** THE DATA **
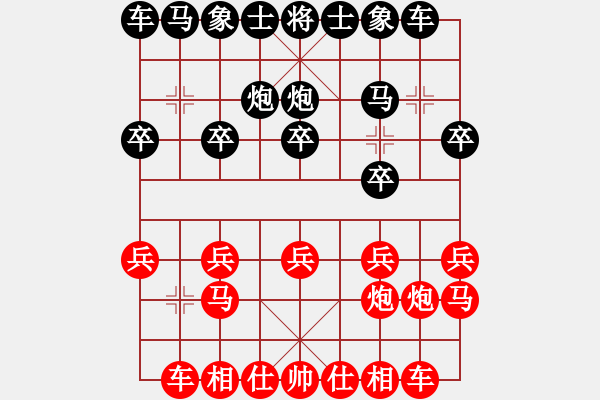 象棋棋譜圖片：一線之間[2633993492] -VS- michael[332419782] - 步數(shù)：10 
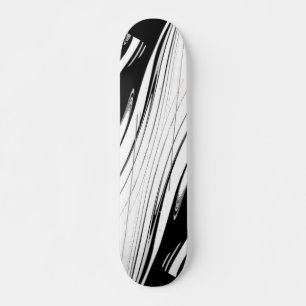 Svartvit modern mini skateboard bräda 18,5 cm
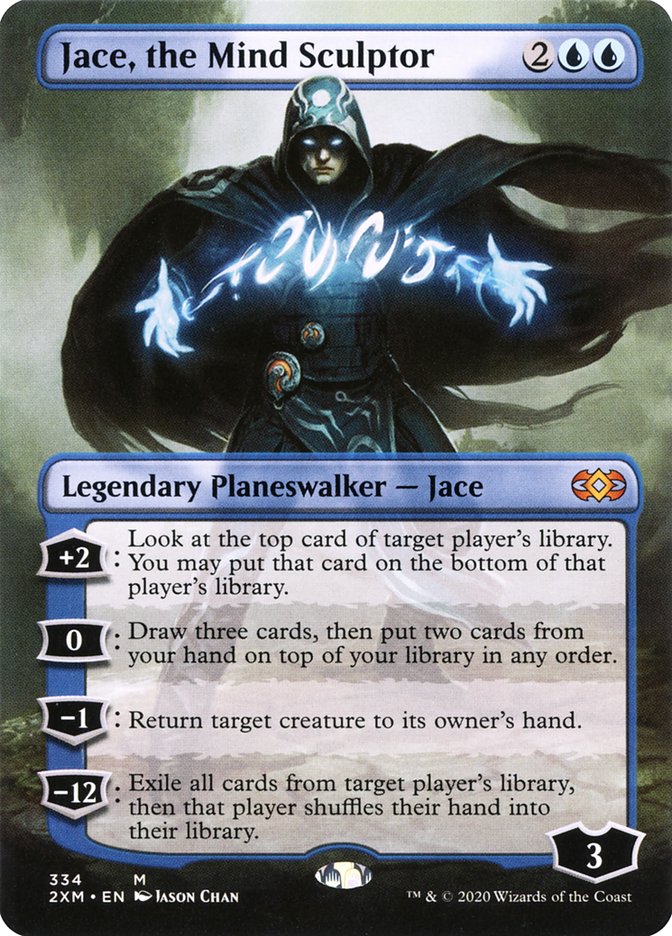 Jace, the Mind Sculptor, Double masters Card Art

** ASSIGNED TASK **
Starting with the top line, write out all the data above exactly; keep the pictures out.

** FINAL ANSWER **
 象棋棋譜圖片：一線之間[2633993492] -VS- michael[332419782] - 步數(shù)：10 
 Svartvit modern mini skateboard bräda 18,5 cm
 Jace, the Mind Sculptor, Double masters Card Art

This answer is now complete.